Educational CyberPlayGround ®

Live or Memorex: Digital Dilemna?

From: Ferdi Serim
Date: Tue, 3 Feb 98 15:06:13 -0500

Hi folks,

While current discussion focuses on the

E-rate

and wiring schools, the culture clash that surrounds the debate of introducing technology for learning intensifies. Hyperfocus on K-12, higher ed or other segments of a societal phenomenon may allow us to overlook broader issues upon which achievement of widespread benefits of technology for real people depends.

In "Digital Diploma Mills: The Automation of Higher Education" David F.Noble

sounds the alarm for the commercialization of higher education, and alerts the reader to the perils of "drawing the halls of academe into the age of automation". His incisive historical review of events leading to the UCLA "Instructional Enhancement Intitiative" requiring instructors to develop computer web sites for all of its arts and sciences courses makes anyone who reads it stop and think....

Having stopped and thought, I see yet another example of the appropriate and powerful uses for networking in learning (which center around distributed learning) being overlooked in favor of hype about egregious ills resulting from poorly conceived implementations (which center around the futile attempt to transport old paradigms into this new learning environment).

The general thrust of the argument goes: Universities are losing money on their poorly taken decision to privatize research (intellectual capital) at the expense of instruction, and trying to palm off second rate "automated courses" on an unwitting populace. Students want things the way they were in the "good old days" with a real professor in front of them in a real classroom. The Internet is of course to blame, because it provides the mechanism for avaricous businessmen and administrators to collude in ripping off the tuition paying public.

Just as the civil rights movement of the 60's was preshadowed by the resistance bebop musicians faced in the 40's (read about Bud Powell, Thelonious Monk or Billie Holiday, listening to "Strange Fruit" while you're doing it and you'll get the picture), the "automation" issue has been felt by musicians long before professors started feeling the heat.

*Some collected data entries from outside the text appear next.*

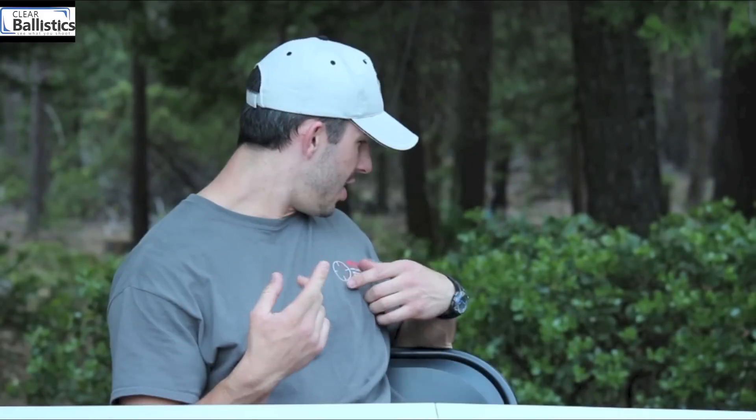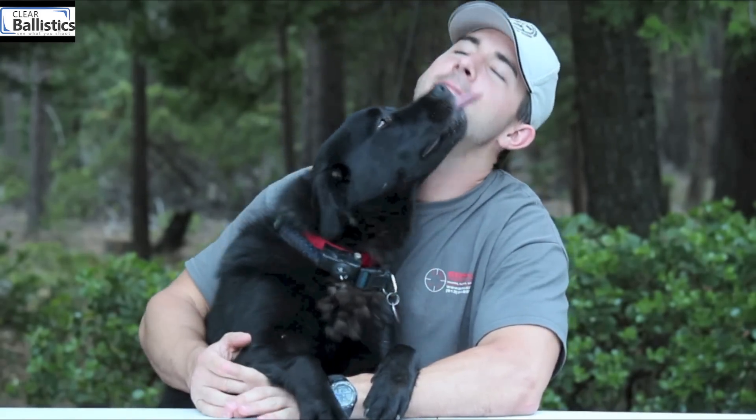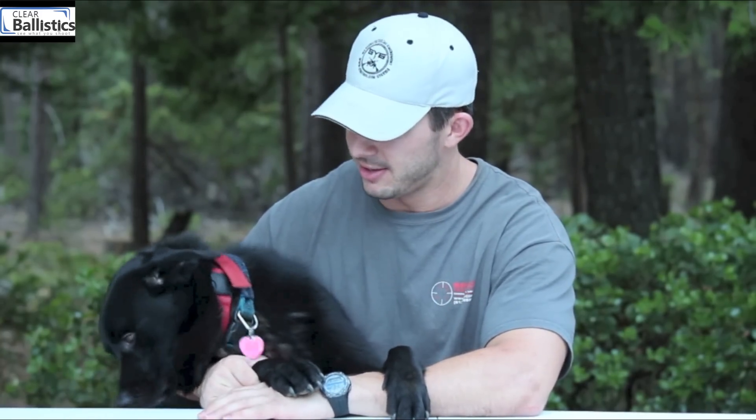Hey, this is Andrew with GY6 Vids. Max, what? You want to say hi? Come on. Okay. This is Max. He's my buddy — Labrador Golden Retriever mix. He is quite the stud. If you hear noises throughout the video, it's Senor Max.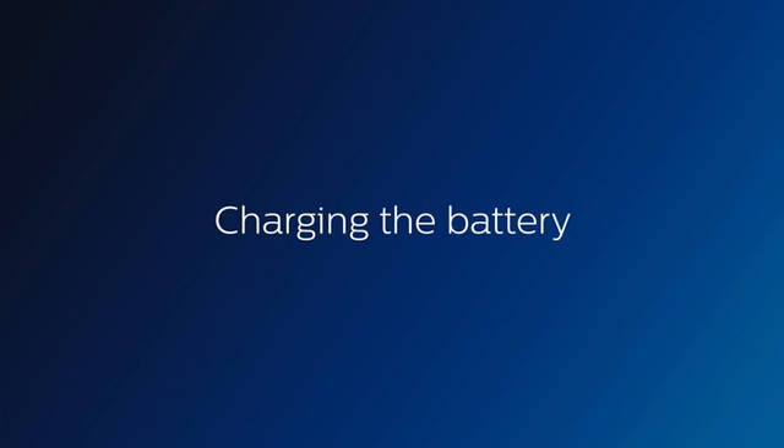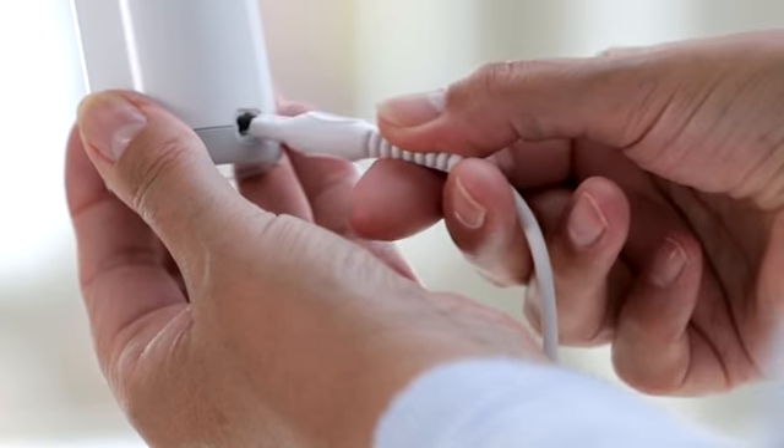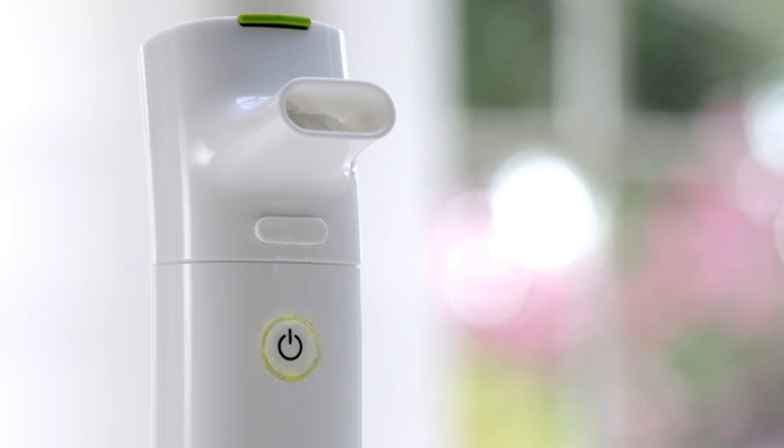Charging the battery. Simply connect the power adapter to the socket on the back of the nebuliser handset and then plug the other end of the adapter into a wall outlet. The LED light on the nebuliser will pulse green while charging. Continue to charge the battery until the LED stops pulsing and turns solid green, indicating it's fully charged.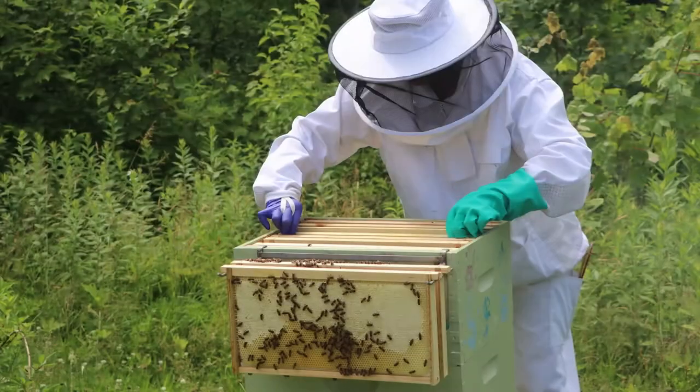So how do you split a hive? Well you may have heard the old adage that if you ask one question to two beekeepers you're going to get three answers. And that definitely applies here. There are lots of ideas and methods for splitting beehives. We're going to show you one of the easiest methods out there — the walkaway split.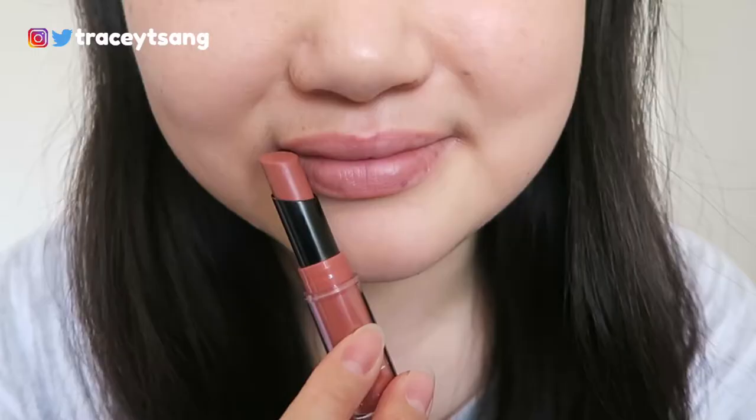Let's try this on! I definitely really enjoy this color — it looks very natural but also gives kind of a little tint to my lips. I can definitely see myself using this as an everyday color.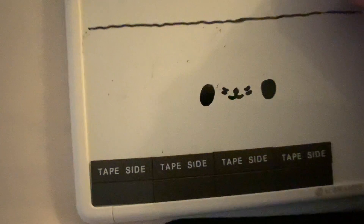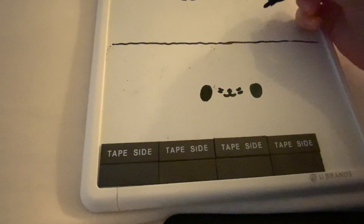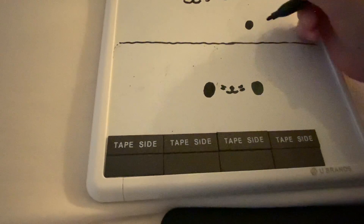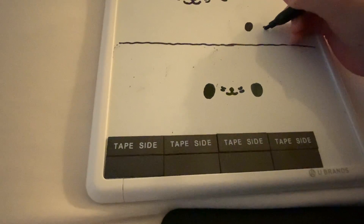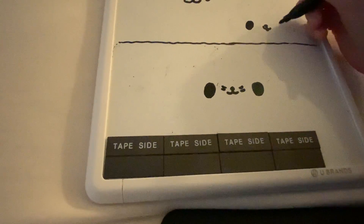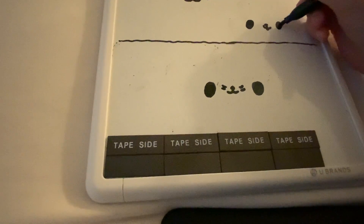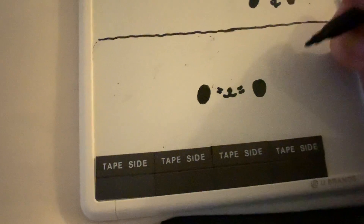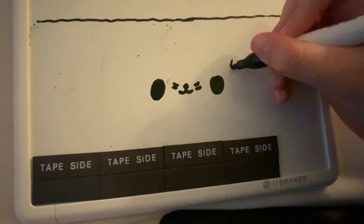I don't want to erase it by accident — let me do it up here. Or you can do it like this, with a tongue, and it's looking to the side. Or you can do something like this.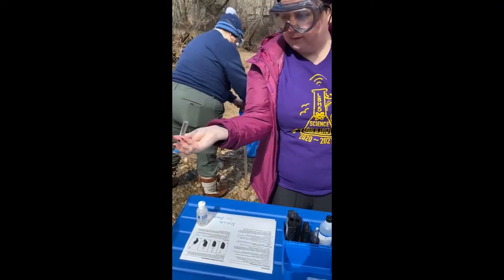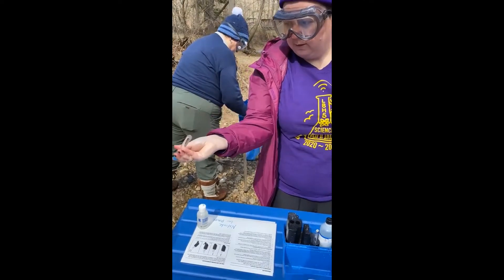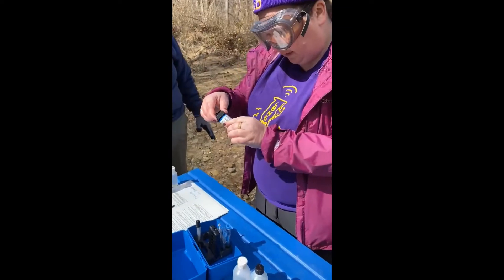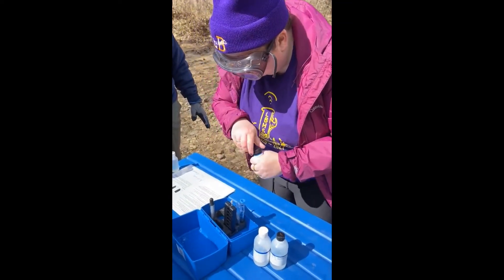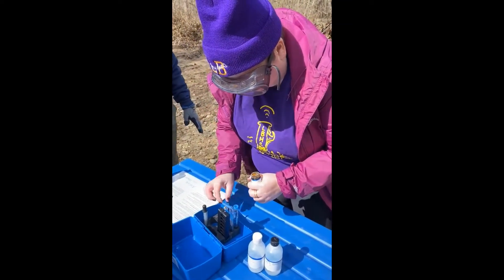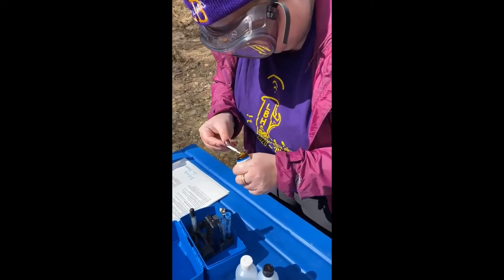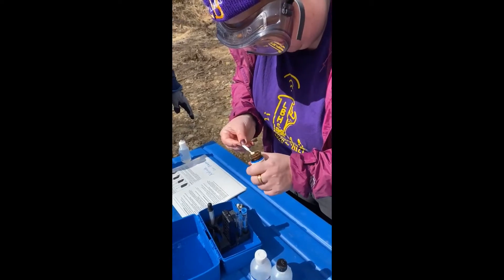Cap and mix. We've let our sample sit for two minutes and now we're going to add in our nitrate reducing agent. One scoop — smells strong.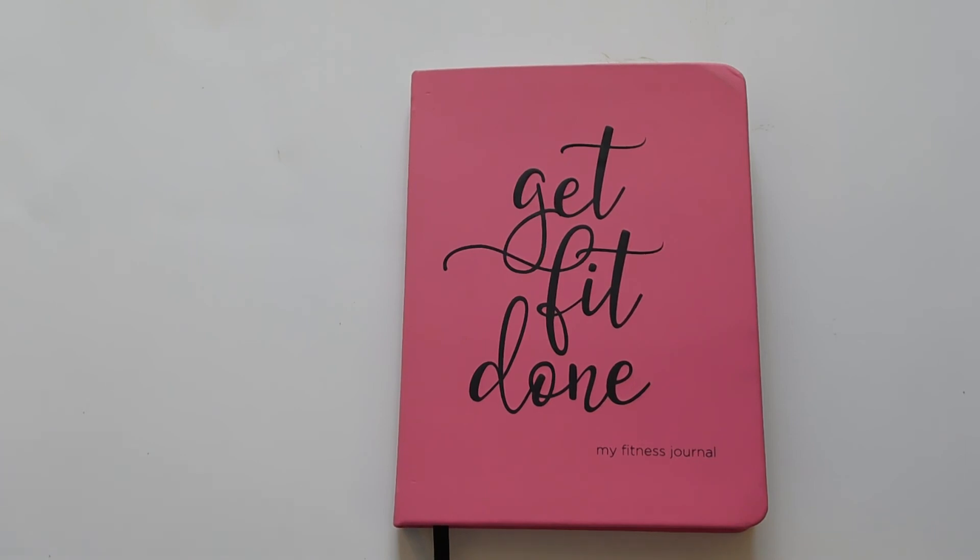That is it, guys! Thank you so much for watching. I hope you enjoyed this video, and happy planning!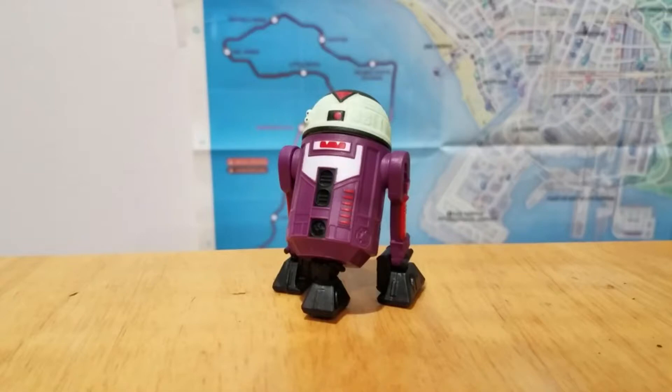It started with last year's Halloween one — the witch-themed one — that one had some really nice paint apps, and it looks like they're continuing that. You have the little fangs there, which I thought was a nice touch. And this is the perfect droid model to theme after a vampire because the visor looks like Dracula's widow's peak. It was a good choice to go with and I'm pretty happy with it.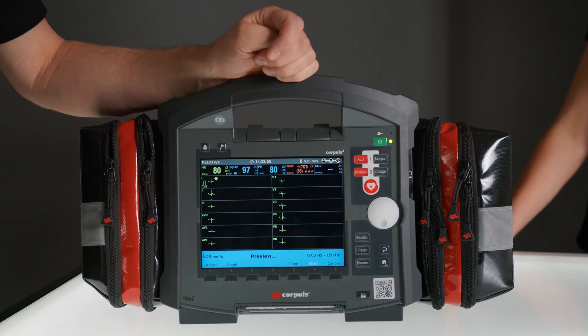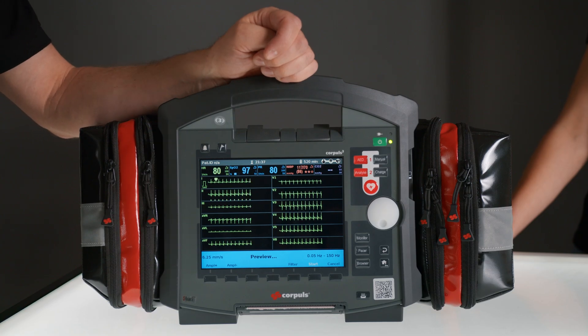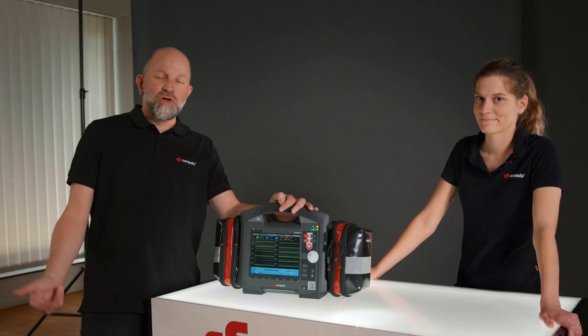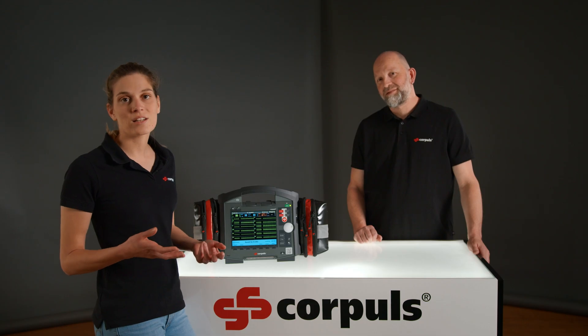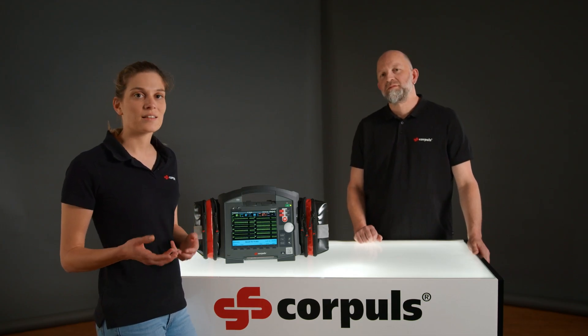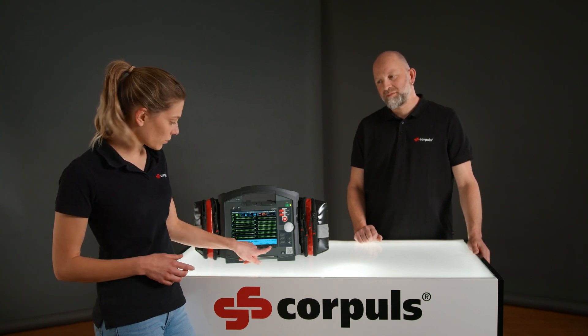The device will create a preview of the last 10 seconds at a sweep speed of 6.25 millimeters per second. All leads are shown here and we can check again for possible artifacts or loose ECG electrodes. If you still see a wandering baseline, we recommend that you wait a moment until the conductivity of the ECG electrodes on the skin has improved. Otherwise, you can now press start.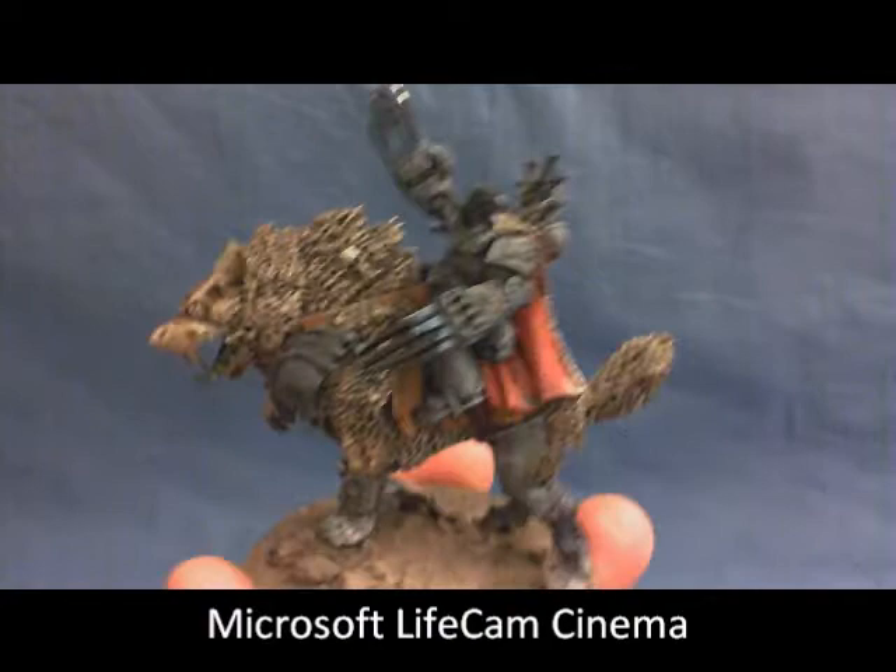Hey everybody, it's Josh from TQ Studios. Today I'm just doing a little video compliment to my Twin Thunderwolves blog post from yesterday, and also a test for my new webcam to see how I like it.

In fact the bebop movement was born at the height of the "recording ban", when the musician's union foresaw the demise of live music in the double whammy advent of improved recording/broadcast technologies. Up until that time, radio (a previous technology threat) actually was used to broadcast the best bands from the best ballrooms into the homes of millions of Americans, who otherwise might not hear live music. Someone realized that by recording the same bands in a studio, you'd only have to pay them once, but could receive advertising revenue repeatedly through rebroadcasting the performance. The current issue over "sampling", where the exact tones a human has spent a lifetime perfecting are digitally snatched and patched with abandon, or the replacement of live bands by DJ's and/or banks of synthesizers is the reincarnation in our era of the same struggle. Yet the stakes seem higher when professors are involved.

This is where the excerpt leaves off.